Your assignment → Having located the line with "Thumbnail: 2024 Toyota RAV4 - 3", print it and each remaining line exactly, stopping at the end of the material and omitting pictures.

Data excerpt →
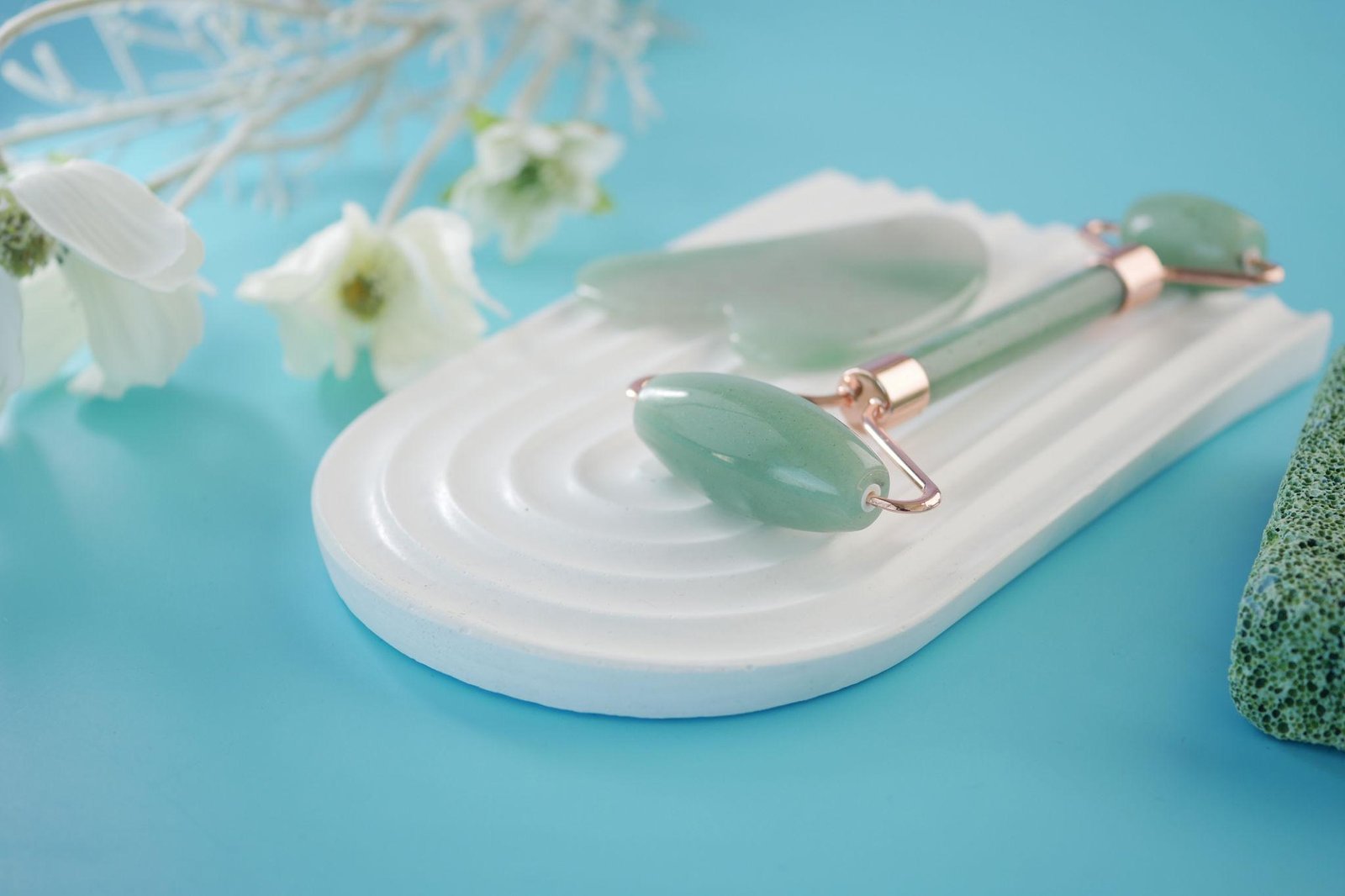 Jade Roller & Gua Sha Facial Set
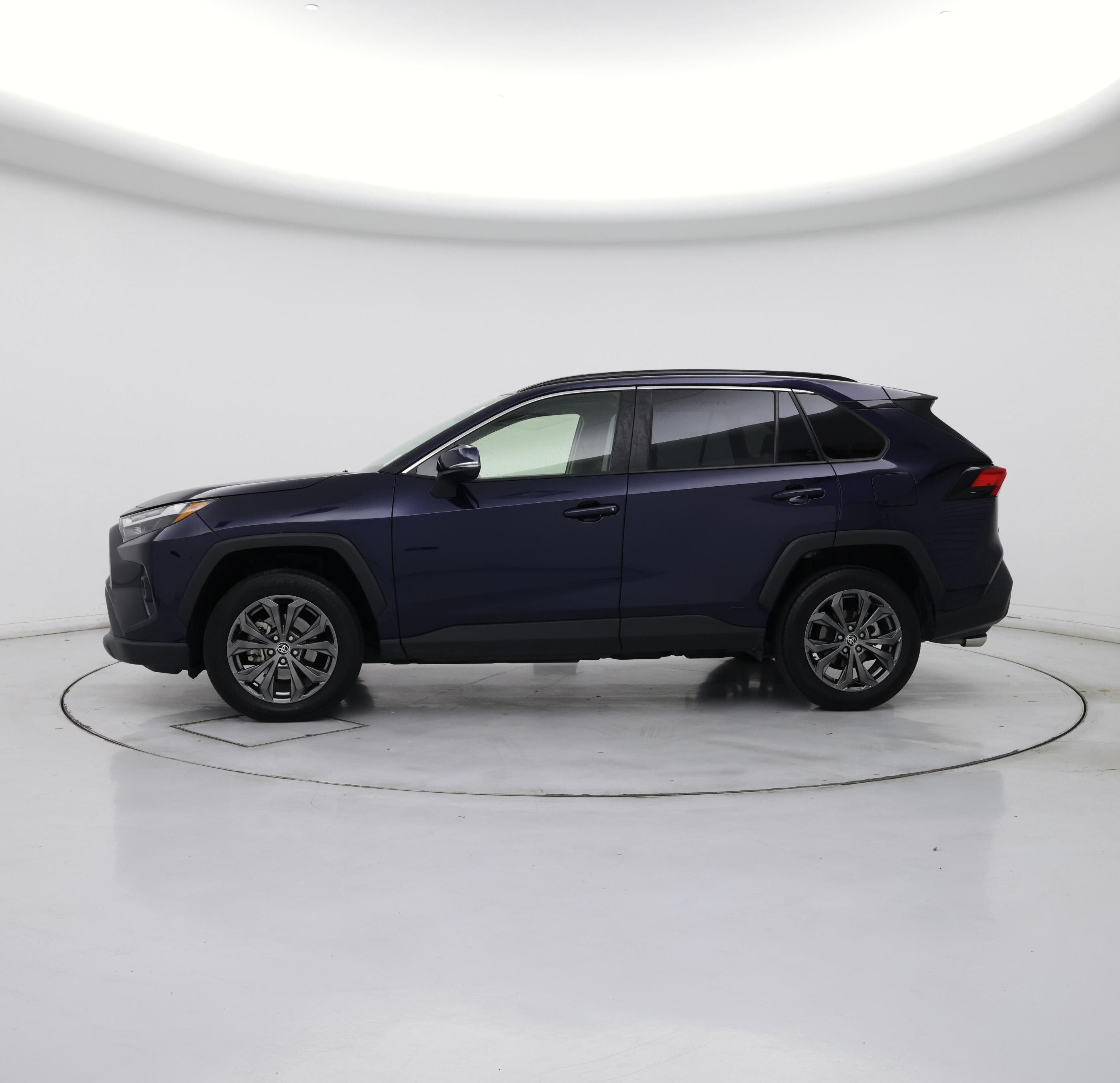 Thumbnail: 2024 Toyota RAV4 - 3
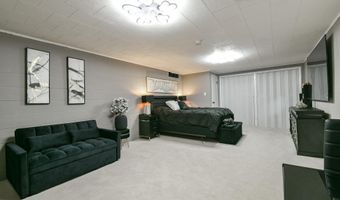 1316 N 13th St, Beatrice, NE 68310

Solution for this task →
 Thumbnail: 2024 Toyota RAV4 - 3
 1316 N 13th St, Beatrice, NE 68310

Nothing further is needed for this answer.